Hee, funny considering we got the spelling from England in the first place. American style of spelling has it's roots in a British style that predates America. What got locked in just came down to who made the first Dictionaries. It could have very easily ending up the other way around instead.
American English and British English are different languages so claiming that one is 'wrong' over the other is kinda off.
Interesting. My version was bought on steam in the UK, and the default seems to be British English Spelling. I'm just glad that some developers make the effort to use the correct spelling in this country, rather than just using US spelling and saving themselves a tiny amount of work. Shows dedication and I appreciate.
Wasn't aware it was referred to as Eastern spelling by some people in the US, interesting.
British English was built up over a long time, stealing words and spelling for these words from a lot of other languages (French, German, Gaelic, Nordic etc). When the US was given independence they made a concerted effort to simplify the language and establish some more uniform rules (mostly just cutting the french style spelling and adding a bunch of zzzz everywhere in place of s)
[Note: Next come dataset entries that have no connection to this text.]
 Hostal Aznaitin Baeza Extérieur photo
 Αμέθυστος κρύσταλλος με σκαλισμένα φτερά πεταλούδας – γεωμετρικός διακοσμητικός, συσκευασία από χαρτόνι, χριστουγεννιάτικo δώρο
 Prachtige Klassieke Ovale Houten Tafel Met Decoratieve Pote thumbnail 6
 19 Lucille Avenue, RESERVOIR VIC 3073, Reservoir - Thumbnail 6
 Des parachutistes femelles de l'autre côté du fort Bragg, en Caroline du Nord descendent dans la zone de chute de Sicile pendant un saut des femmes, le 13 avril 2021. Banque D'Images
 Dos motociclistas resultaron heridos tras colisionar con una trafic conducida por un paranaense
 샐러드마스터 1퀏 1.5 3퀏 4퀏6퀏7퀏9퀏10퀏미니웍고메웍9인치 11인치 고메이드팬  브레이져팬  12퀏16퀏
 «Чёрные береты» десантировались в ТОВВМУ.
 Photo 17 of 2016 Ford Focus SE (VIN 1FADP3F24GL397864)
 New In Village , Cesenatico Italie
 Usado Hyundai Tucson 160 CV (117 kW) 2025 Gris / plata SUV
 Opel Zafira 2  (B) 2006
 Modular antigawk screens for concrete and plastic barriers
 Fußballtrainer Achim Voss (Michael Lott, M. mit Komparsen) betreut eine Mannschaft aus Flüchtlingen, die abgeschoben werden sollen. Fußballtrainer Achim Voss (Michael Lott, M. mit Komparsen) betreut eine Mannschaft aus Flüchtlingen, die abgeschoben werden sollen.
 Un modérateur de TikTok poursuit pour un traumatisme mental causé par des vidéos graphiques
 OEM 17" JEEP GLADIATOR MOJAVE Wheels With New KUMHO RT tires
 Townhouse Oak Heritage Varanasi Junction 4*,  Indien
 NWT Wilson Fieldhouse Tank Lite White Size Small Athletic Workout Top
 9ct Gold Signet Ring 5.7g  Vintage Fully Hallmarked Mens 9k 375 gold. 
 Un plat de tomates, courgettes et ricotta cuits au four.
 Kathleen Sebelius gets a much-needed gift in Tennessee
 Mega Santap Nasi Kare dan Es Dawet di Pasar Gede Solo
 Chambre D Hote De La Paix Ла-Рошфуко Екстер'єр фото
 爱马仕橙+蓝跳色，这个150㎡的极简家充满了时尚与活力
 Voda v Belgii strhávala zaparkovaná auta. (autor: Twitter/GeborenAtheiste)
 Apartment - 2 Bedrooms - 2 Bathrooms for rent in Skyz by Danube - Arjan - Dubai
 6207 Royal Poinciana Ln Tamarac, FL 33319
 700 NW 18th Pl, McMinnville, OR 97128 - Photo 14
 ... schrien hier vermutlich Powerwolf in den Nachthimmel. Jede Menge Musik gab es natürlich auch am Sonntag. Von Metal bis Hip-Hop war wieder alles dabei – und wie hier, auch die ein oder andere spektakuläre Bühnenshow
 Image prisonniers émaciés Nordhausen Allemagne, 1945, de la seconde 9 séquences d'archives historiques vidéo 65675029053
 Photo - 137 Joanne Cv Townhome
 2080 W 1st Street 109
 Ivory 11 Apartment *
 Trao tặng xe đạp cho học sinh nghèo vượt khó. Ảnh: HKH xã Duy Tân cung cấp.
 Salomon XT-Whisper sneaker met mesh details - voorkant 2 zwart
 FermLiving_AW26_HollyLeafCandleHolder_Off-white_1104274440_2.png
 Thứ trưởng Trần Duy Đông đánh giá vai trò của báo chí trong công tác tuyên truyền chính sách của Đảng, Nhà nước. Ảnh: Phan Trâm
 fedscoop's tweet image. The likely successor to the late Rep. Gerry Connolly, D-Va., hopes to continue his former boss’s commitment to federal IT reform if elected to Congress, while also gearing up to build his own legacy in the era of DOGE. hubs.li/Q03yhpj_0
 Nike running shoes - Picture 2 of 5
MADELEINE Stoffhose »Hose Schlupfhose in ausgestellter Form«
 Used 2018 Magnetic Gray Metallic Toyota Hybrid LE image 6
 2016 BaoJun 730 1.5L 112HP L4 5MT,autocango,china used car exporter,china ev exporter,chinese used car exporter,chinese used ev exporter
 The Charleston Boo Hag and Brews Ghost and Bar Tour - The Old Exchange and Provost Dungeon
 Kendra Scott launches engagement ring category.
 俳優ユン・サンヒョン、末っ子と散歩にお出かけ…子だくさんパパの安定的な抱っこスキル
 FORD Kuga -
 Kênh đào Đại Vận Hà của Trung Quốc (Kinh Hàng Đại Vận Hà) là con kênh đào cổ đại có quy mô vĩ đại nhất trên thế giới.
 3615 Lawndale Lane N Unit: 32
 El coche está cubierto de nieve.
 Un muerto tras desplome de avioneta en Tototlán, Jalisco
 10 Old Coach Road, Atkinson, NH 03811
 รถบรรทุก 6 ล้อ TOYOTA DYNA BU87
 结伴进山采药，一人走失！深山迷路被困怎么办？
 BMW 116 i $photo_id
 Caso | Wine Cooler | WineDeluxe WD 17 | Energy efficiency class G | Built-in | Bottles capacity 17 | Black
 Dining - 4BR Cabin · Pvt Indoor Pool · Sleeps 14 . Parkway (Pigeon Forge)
Most languages established their spoken version first, then most utilised an already established alphabet to write down the sounds. If you want to know about how spoken languages are transferred into written languages there are still some languages that have only recently been developed into written ones. There's a whole documentary about sounds that can be produced by humans and how they are represented in various formats, including written.
Thanks for your input all. :)
Additionally, the word Colour isn't even ENGLISH... it's Old French, and the word the U.S. uses, Color, is the Latin spelling.